About this task: In the listing below, find the line with "Antique Gentleman's Drawing" and copy every line from there up to and including the line with "MAC032 Women's Silk", exactly and without pictures.

Extracted records:
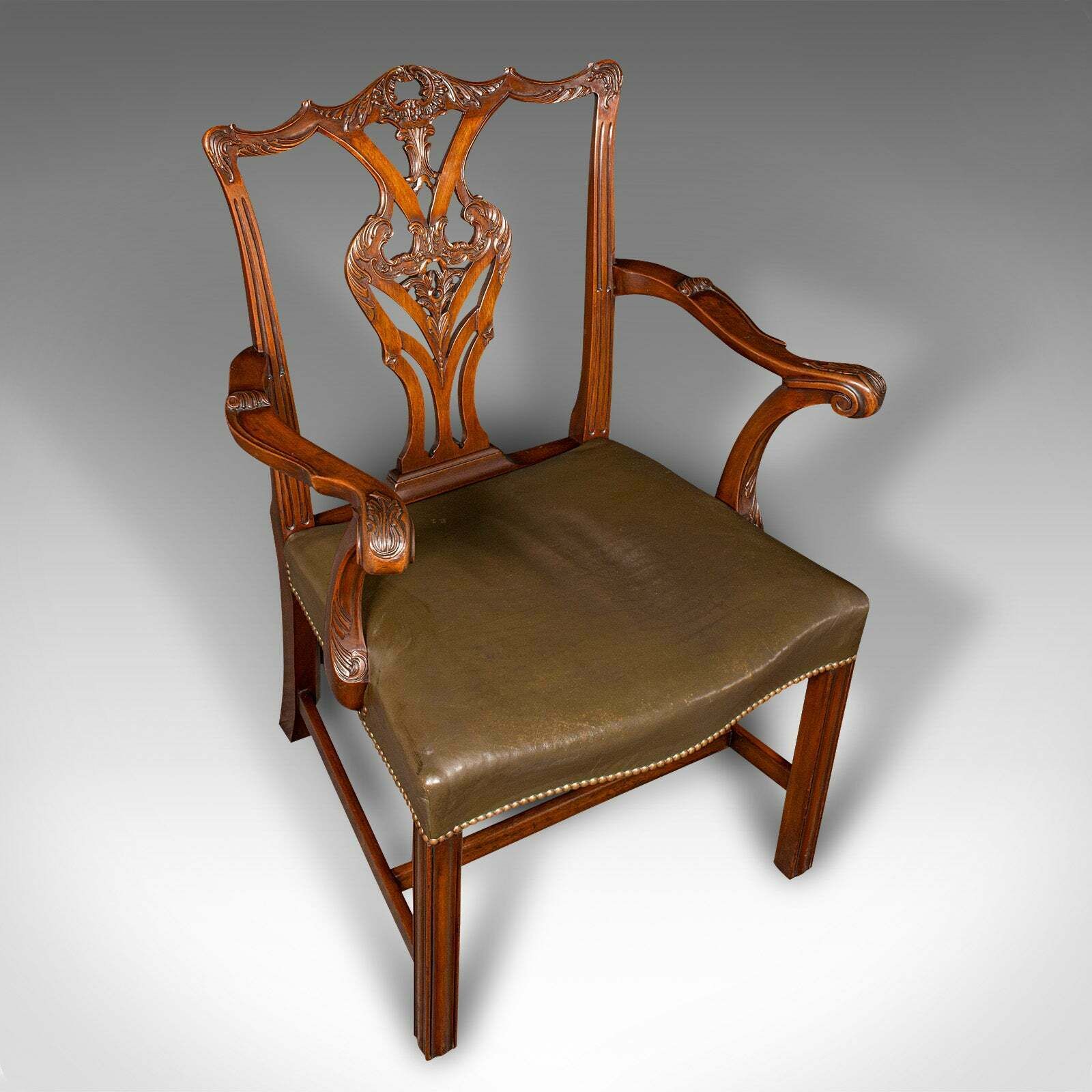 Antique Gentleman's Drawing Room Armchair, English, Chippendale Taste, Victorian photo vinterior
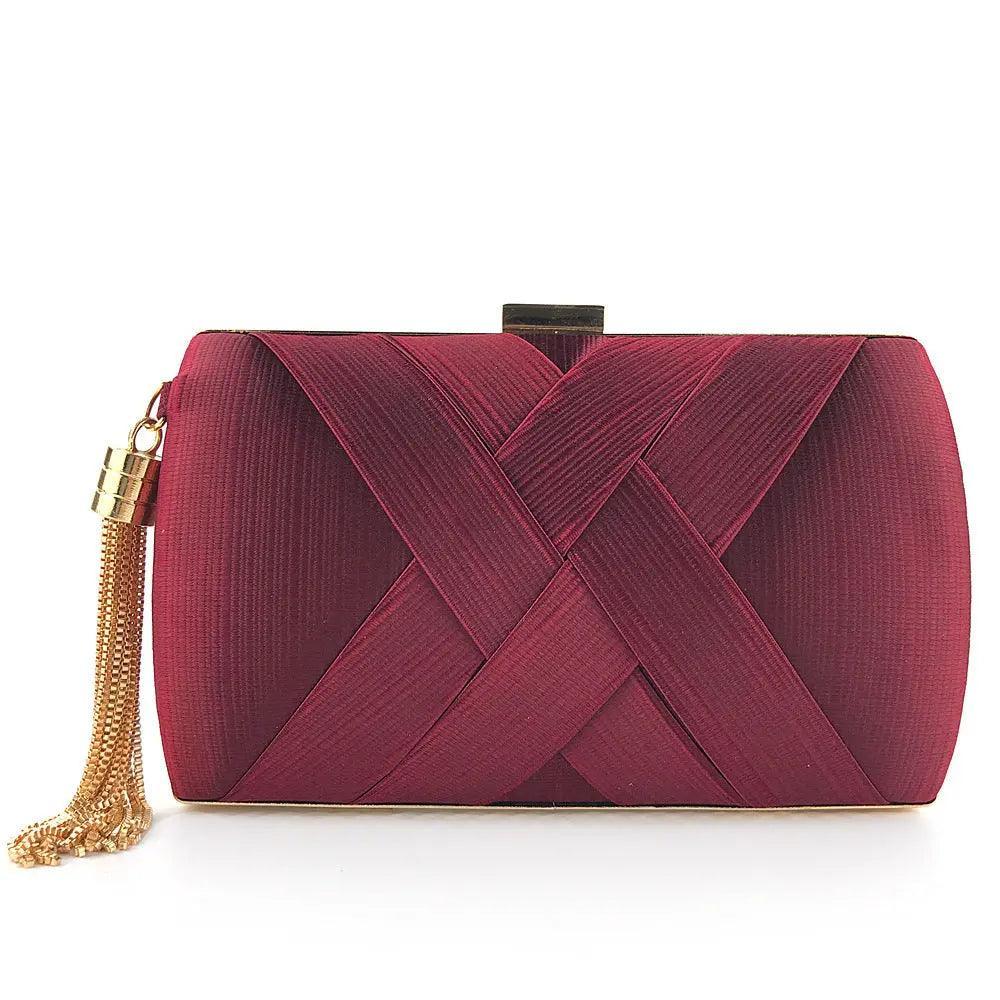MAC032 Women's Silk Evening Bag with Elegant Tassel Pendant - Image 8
--
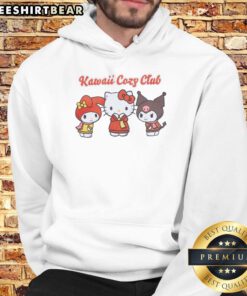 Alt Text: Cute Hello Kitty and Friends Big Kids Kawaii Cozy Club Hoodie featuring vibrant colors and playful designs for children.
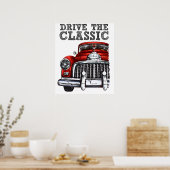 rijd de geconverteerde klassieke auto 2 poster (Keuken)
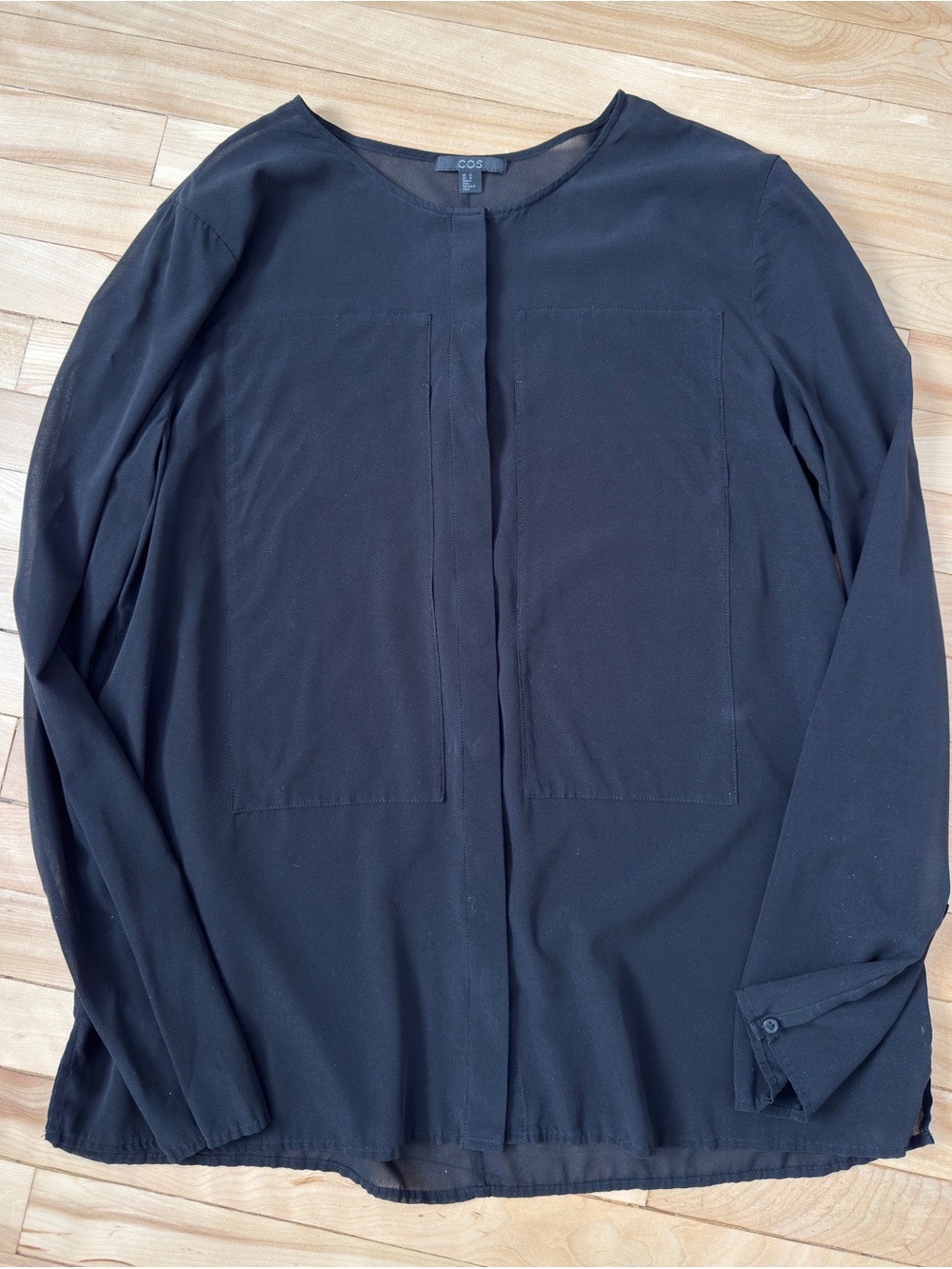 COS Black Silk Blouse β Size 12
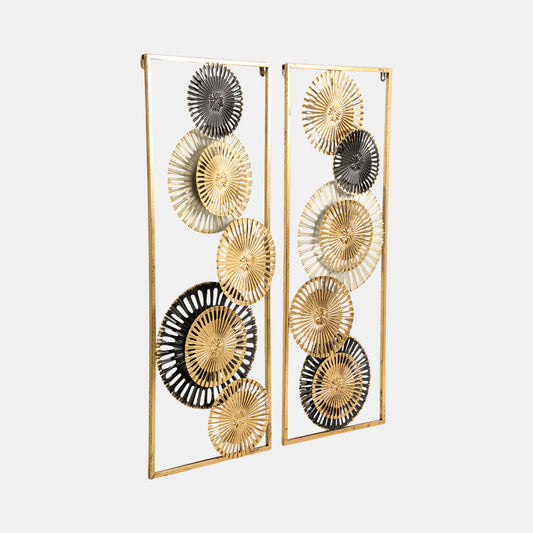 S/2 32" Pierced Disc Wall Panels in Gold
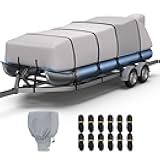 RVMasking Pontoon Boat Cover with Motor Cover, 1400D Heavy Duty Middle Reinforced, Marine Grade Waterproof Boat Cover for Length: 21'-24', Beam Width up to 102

Response:
 Antique Gentleman's Drawing Room Armchair, English, Chippendale Taste, Victorian photo vinterior
MAC032 Women's Silk Evening Bag with Elegant Tassel Pendant - Image 8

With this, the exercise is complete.